Rome was already getting up toward Moscow's present age when Horace wrote, yet Rome fell, too, and the current "city of Rome" has very little cultural, civilizational, political continuity with the ancient Rome.
NOUVEAU venu, qui cherches Rome en Rome
Et rien de Rome en Rome n'aperçois,
Ces vieux palais, ces vieux arcs que tu vois,
Et ces vieux murs, c'est ce que Rome on nomme.
Vois quel orgueil, quelle ruine: et comme
Celle qui mit le monde sous ses lois,
Pour dompter tout, se dompta quelquefois,
Et devint proie au temps, qui tout consomme.
Rome de Rome est le seul monument,
Et Rome Rome a vaincu seulement.
Le Tibre seul, qui vers la mer s'enfuit,
Reste de Rome.

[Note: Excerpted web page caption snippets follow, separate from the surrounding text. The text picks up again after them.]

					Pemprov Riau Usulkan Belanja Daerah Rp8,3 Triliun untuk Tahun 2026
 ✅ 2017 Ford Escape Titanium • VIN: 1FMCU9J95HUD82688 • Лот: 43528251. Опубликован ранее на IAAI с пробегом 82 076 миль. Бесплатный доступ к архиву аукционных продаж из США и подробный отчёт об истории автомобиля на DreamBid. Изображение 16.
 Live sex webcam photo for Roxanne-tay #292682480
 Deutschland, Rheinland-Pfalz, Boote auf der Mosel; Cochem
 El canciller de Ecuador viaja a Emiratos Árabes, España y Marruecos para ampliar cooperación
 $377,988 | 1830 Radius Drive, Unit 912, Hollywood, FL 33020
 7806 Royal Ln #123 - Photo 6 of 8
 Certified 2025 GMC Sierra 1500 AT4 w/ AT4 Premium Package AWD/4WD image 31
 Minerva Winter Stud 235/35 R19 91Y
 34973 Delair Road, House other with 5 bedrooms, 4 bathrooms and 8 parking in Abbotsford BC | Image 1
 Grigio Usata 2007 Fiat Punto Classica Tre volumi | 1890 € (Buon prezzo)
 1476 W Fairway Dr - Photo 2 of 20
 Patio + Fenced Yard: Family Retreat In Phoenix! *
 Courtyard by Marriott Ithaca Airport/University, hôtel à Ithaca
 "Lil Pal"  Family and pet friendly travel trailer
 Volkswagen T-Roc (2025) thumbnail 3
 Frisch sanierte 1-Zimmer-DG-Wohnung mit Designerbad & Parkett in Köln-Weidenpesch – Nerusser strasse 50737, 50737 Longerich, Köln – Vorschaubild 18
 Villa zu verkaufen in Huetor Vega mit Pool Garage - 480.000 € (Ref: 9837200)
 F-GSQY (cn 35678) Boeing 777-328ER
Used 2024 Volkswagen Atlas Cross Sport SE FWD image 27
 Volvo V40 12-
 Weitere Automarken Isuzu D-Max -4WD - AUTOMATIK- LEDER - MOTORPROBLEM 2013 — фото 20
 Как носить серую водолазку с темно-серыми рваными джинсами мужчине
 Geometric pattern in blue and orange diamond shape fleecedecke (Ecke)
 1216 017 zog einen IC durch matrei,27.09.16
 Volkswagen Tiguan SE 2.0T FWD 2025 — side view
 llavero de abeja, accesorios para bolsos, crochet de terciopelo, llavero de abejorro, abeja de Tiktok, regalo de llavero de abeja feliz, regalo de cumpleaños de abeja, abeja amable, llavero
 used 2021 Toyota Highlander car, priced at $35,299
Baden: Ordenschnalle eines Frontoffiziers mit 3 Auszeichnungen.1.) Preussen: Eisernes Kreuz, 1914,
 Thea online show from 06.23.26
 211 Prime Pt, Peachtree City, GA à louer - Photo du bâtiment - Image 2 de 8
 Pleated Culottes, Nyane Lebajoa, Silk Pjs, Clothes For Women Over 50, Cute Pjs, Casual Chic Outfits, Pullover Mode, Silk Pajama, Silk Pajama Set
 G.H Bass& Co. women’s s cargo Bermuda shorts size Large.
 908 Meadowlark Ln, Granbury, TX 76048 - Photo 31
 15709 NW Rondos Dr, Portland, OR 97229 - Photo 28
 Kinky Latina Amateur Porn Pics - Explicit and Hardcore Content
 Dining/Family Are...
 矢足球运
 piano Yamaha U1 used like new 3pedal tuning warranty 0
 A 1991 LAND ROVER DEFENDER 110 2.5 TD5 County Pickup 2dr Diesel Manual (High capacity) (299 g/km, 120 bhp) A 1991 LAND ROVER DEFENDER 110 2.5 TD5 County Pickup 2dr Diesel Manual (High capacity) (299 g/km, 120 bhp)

O mondaine inconstance!
Ce qui est ferme, est par le temps détruit,
Et ce qui fuit, au temps fait résistance.
THOU STRANGER, which for Rome in Rome here seekest,
And nought of Rome in Rome perceiu'st at all,
These same olde walls, olde arches, which thou seest,
Olde Palaces, is that which Rome men call.
Behold what wreake, what ruine, and what wast,
And how that she, which with her mightie powre
Tam'd all the world, hath tam'd herselfe at last,
The pray of time, which all things doth deuowre.
Rome now of Rome is th' onely funerall,
And onely Rome of Rome hath victorie;
Ne ought saue Tyber hastning to his fall
Remaines of all: O worlds inconstancie.
That which is firme doth flit and fall away,
And that is flitting, doth abide and stay.(Bellay/Spenser; the translation is remarkably literal!)